[Data supplied Boundary: Start]

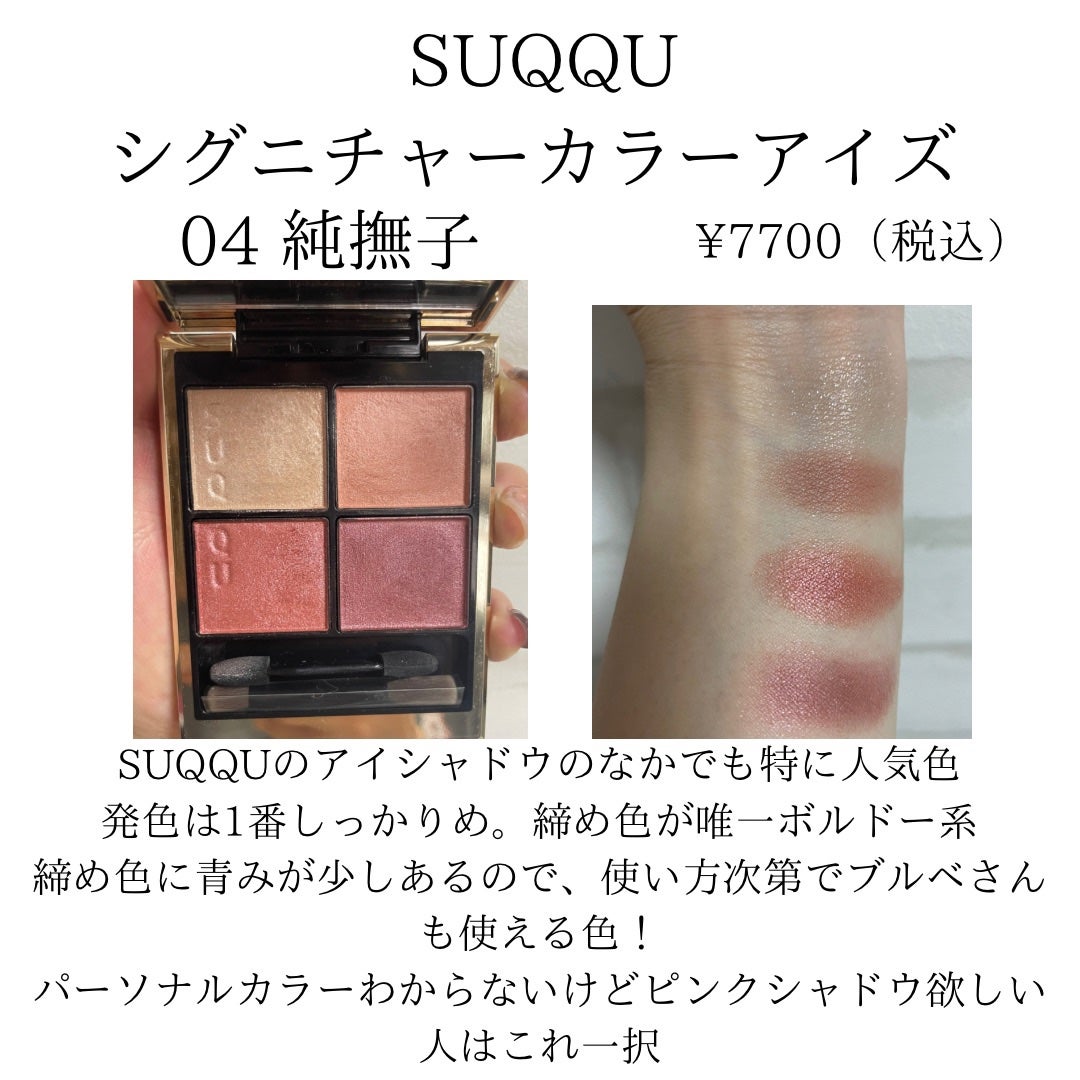 シグニチャー カラー アイズ/SUQQU/アイシャドウパレットを使ったクチコミ(4枚目)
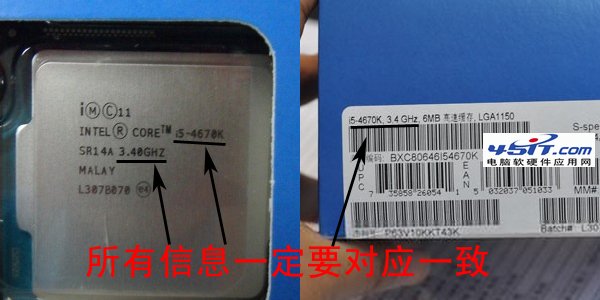 如何去电脑城装机 全福编程网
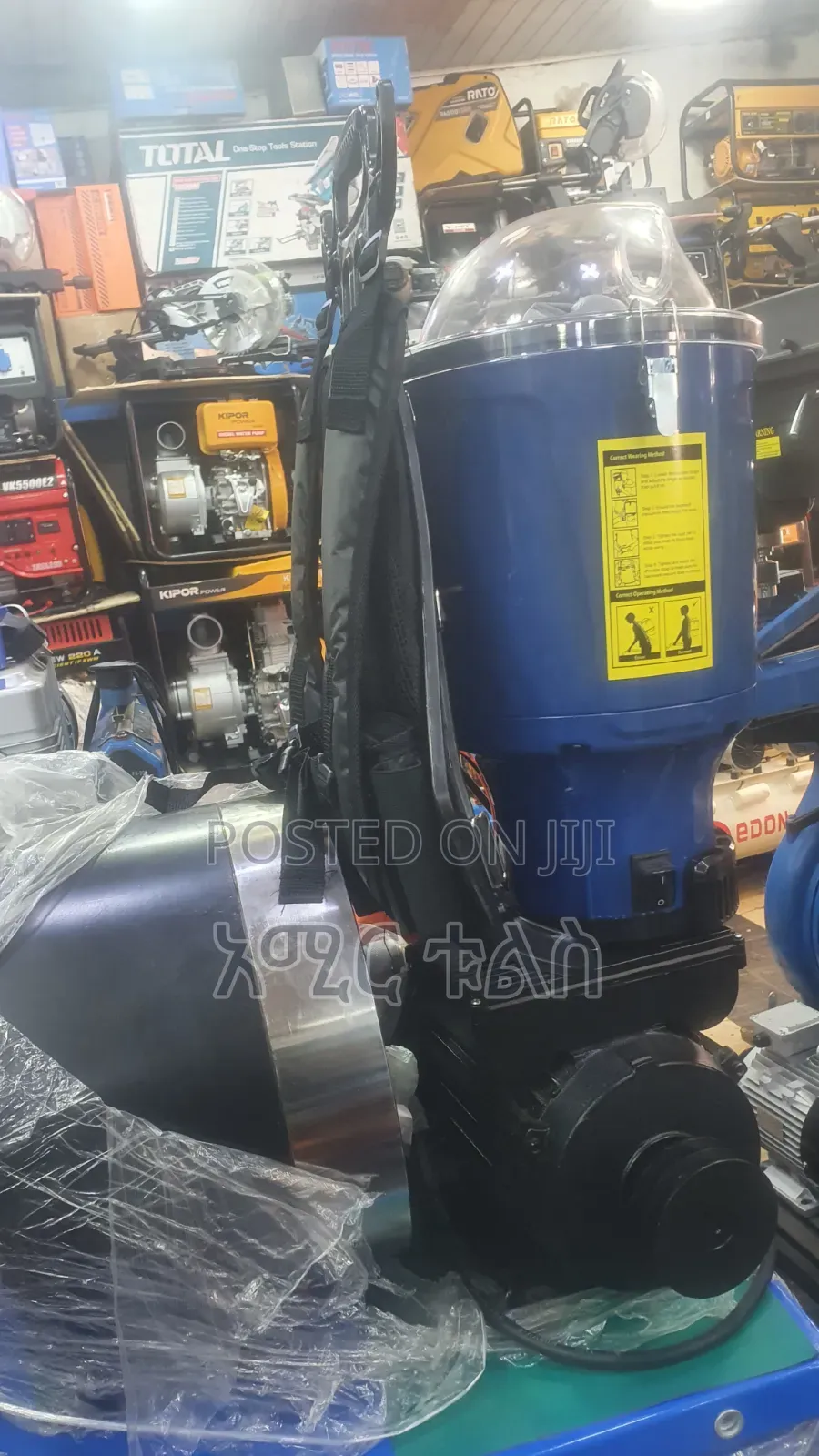 Red East Industrial Wet/Dry Vacuum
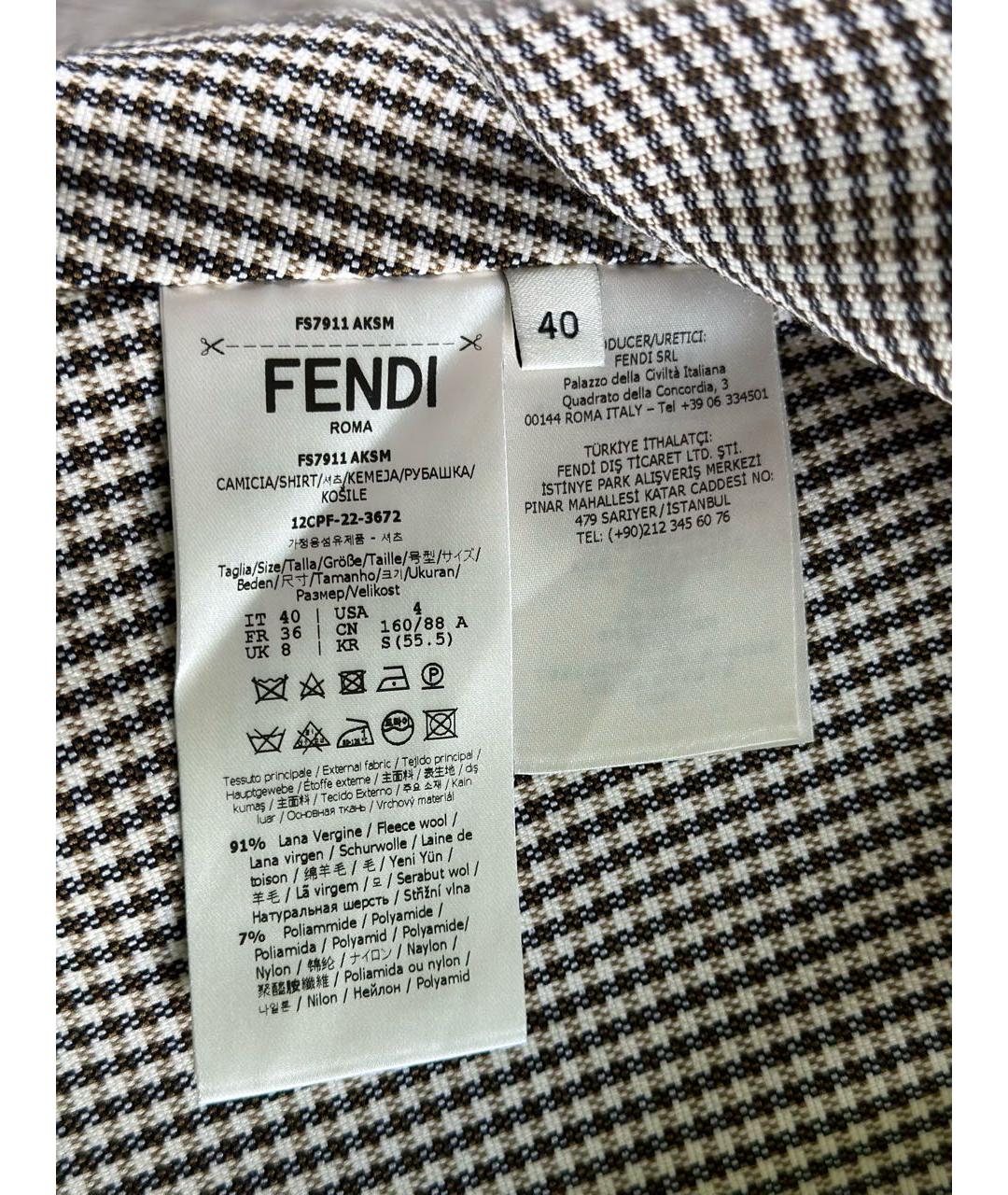 FENDI Бежевый шерстяной корсет, фото 5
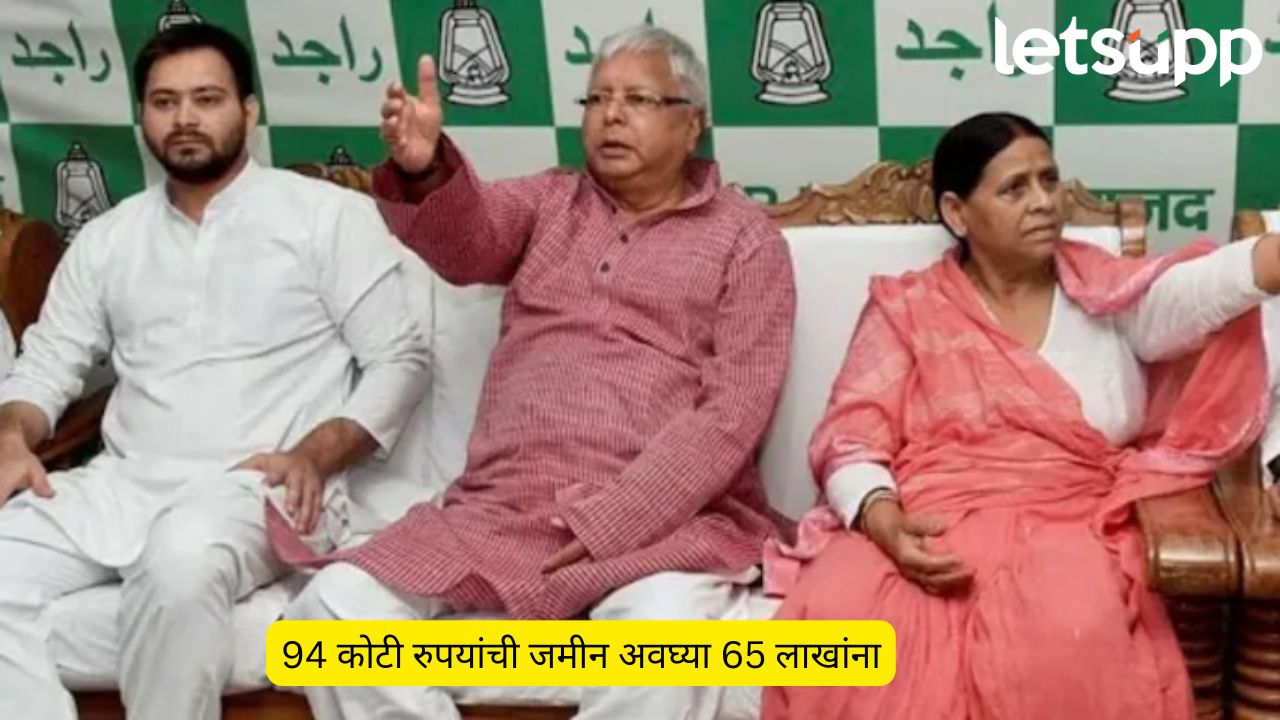 Lalu Yadav, Tejashwi Yadav Charged In Alleged IRCTC Hotel Scam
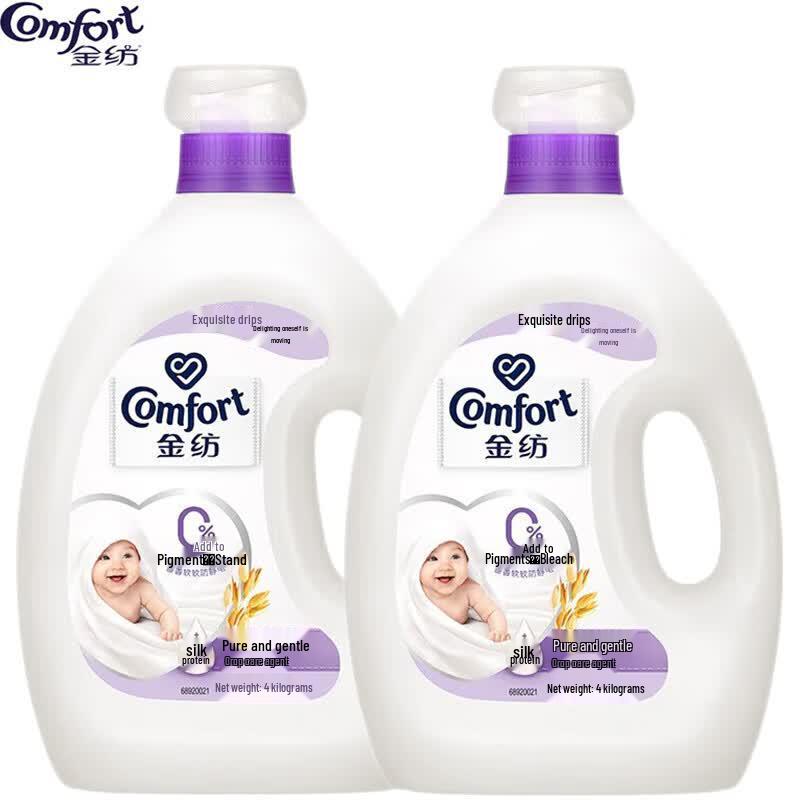 Jinfang Pure Gentle Fabric Softener & Conditioner, Fragrance-Free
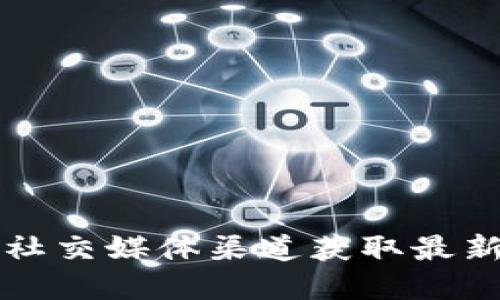 抱歉，我无法提供IM Token的官方钱包地址。建议您访问IM Token的官方网站或查看其官方社交媒体渠道获取最新和最准确的信息。同时，要确保您使用的任何链接都是来自可信的来源，以保护您的资产安全。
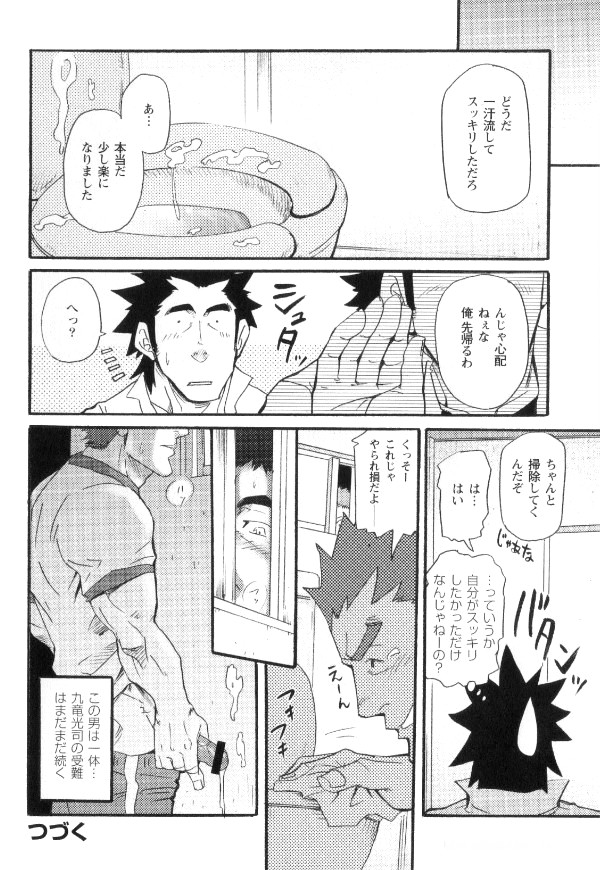 [松武] 新米銀行員 九竜光司の受難 第1-13話
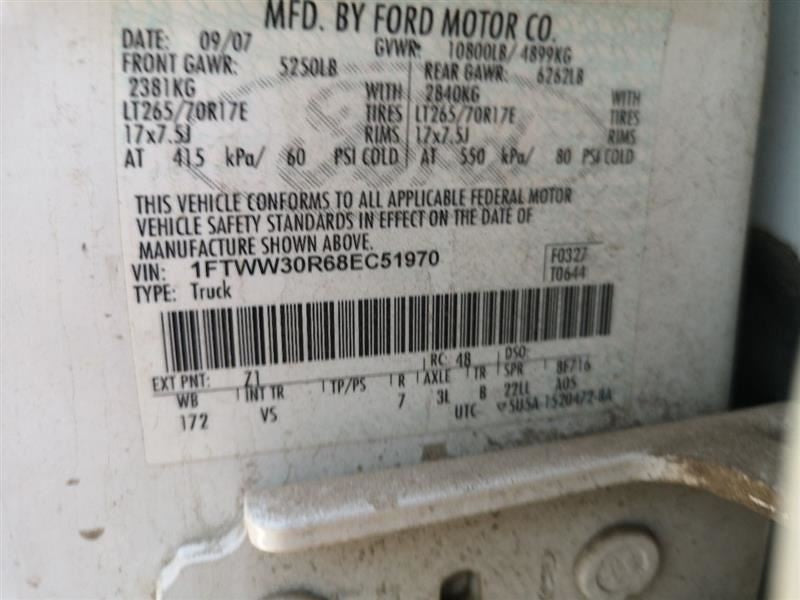 F350SD    2008 Filter/Adapter 262196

[Data supplied Boundary: End]

Which lines run from the one containing "Lalu Yadav, Tejashwi" through the last line of the entries above? Output them exactly, both ends included, with no pictures.

 Lalu Yadav, Tejashwi Yadav Charged In Alleged IRCTC Hotel Scam
 Jinfang Pure Gentle Fabric Softener & Conditioner, Fragrance-Free
 抱歉，我无法提供IM Token的官方钱包地址。建议您访问IM Token的官方网站或查看其官方社交媒体渠道获取最新和最准确的信息。同时，要确保您使用的任何链接都是来自可信的来源，以保护您的资产安全。
 [松武] 新米銀行員 九竜光司の受難 第1-13話
 F350SD    2008 Filter/Adapter 262196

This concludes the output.